Learning Objectives:
At the end of this class, students will be able to:
- Understand the Ideal Gas Equation and its formulation based on Boyle-Mariotte’s, Charles’, and Gay-Lussac’s laws.
- Identify the fundamental relationships between pressure, volume, and temperature in ideal gases.
TABLE OF CONTENTS:
Empirical Formulation of the Ideal Gas
Comments on the Ideal Gas Law
Limitations of the Ideal Gas Model
Empirical Formulation of the Ideal Gas
Experiments conducted on gases show a relationship between the pressure P of a gas contained in a volume V and its temperature T. For example, if the temperature remains constant, it is observed that:
P \propto \dfrac{1}{V}
This result is known as Boyle-Mariotte’s Law. On the other hand, if we work at constant pressure, the following holds:
V \propto T
where T is the temperature measured in Kelvin. This is known as Charles’ Law. Additionally, if we keep the volume constant, the relationship:
P \propto T
is verified. This is called Gay-Lussac’s Law. These three laws can be combined into a single expression, yielding:
PV \propto T
If we consider a gas composed of N particles, the resulting equation is:
\boxed{PV = Nk_B T}
where k_B = 1.3807 \cdot 10^{-23} \, [J \cdot K^{-1}] is the Boltzmann Constant. This formula is related to the famous equation PV = nRT, mnemonically remembered as “Pancho Villa Never Failed Thermodynamics,” where R = 8.314472 \, [J/(mol \cdot K)] is the universal ideal gas constant, and n represents the number of moles.

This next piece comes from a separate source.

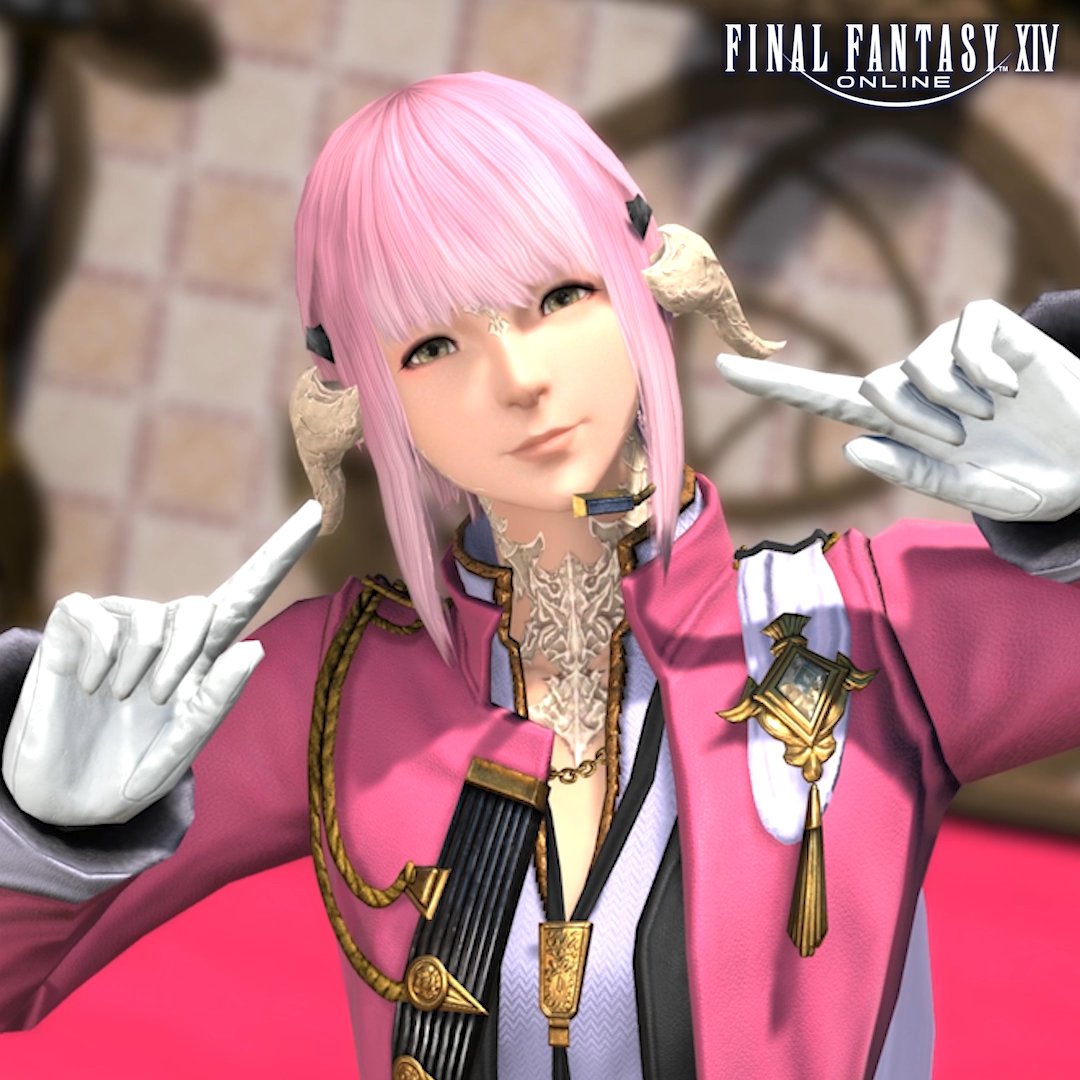 Don't let your dreams be memes 🌸🎵 Remember to pick up your own Seneschal Prince's Attire through the #FFXIV Little Ladies' seasonal event by March 17! ✨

Comments on the Ideal Gas Law
Although this law was initially presented from an empirical perspective, it can also be derived from first principles through the Kinetic Theory of Gases. In this theory, the gas is modeled as a collection of tiny particles colliding with each other and the container walls. The term “ideal” arises because it relies on certain assumptions:
- No attractive or repulsive forces at a distance exist between the particles (such as electromagnetic forces).

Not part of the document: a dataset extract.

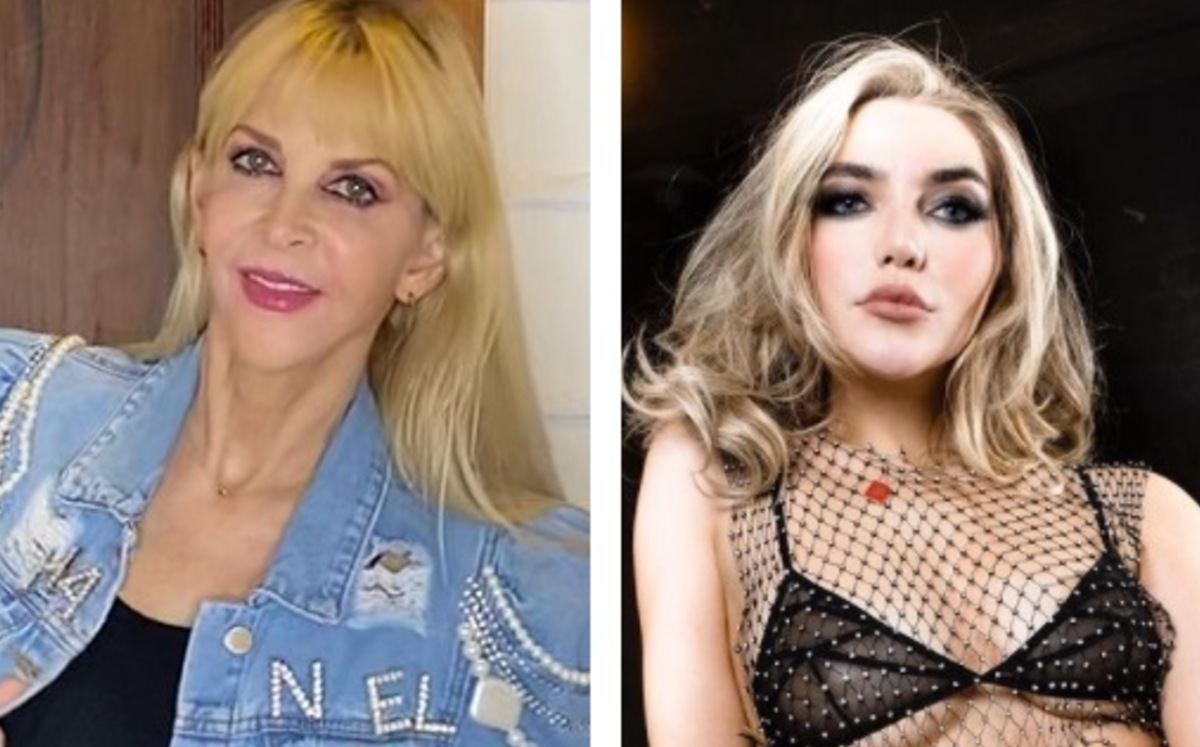 La conductora le mandó un mensaje a Frida a través de Instagram. (Instagram)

- The particles are assumed to be point-like, with negligible size and spherical shape.
- Collisions between particles and between particles and the container walls are perfectly elastic.
These idealizations are not strictly met in reality, but they simplify calculations and yield useful results that describe gas behavior over a broad range of conditions.
Moreover, the Ideal Gas Equation serves as the foundation of Classical Thermodynamics. Its relevance spans from astrophysics to atmospheric physics and engine analysis, whose study drove the development of thermodynamics. Therefore, the Ideal Gas Equation is fundamental and worth remembering.
It is important to mention that thermodynamics also applies to non-gaseous systems, such as strings, bubbles, or magnets.
Limitations of the Ideal Gas Model
It is necessary to recognize that the Ideal Gas Law has limitations, as it does not adequately describe all gases under all conditions. For example, when gas particles are relativistic (moving at speeds close to the speed of light) or when quantum effects are relevant, the model is no longer valid. It also fails at very low temperatures and high densities, where particles begin to interact significantly, as in liquids and solids.
In these situations, more advanced models, such as quantum gas models or more complex equations of state, must be used.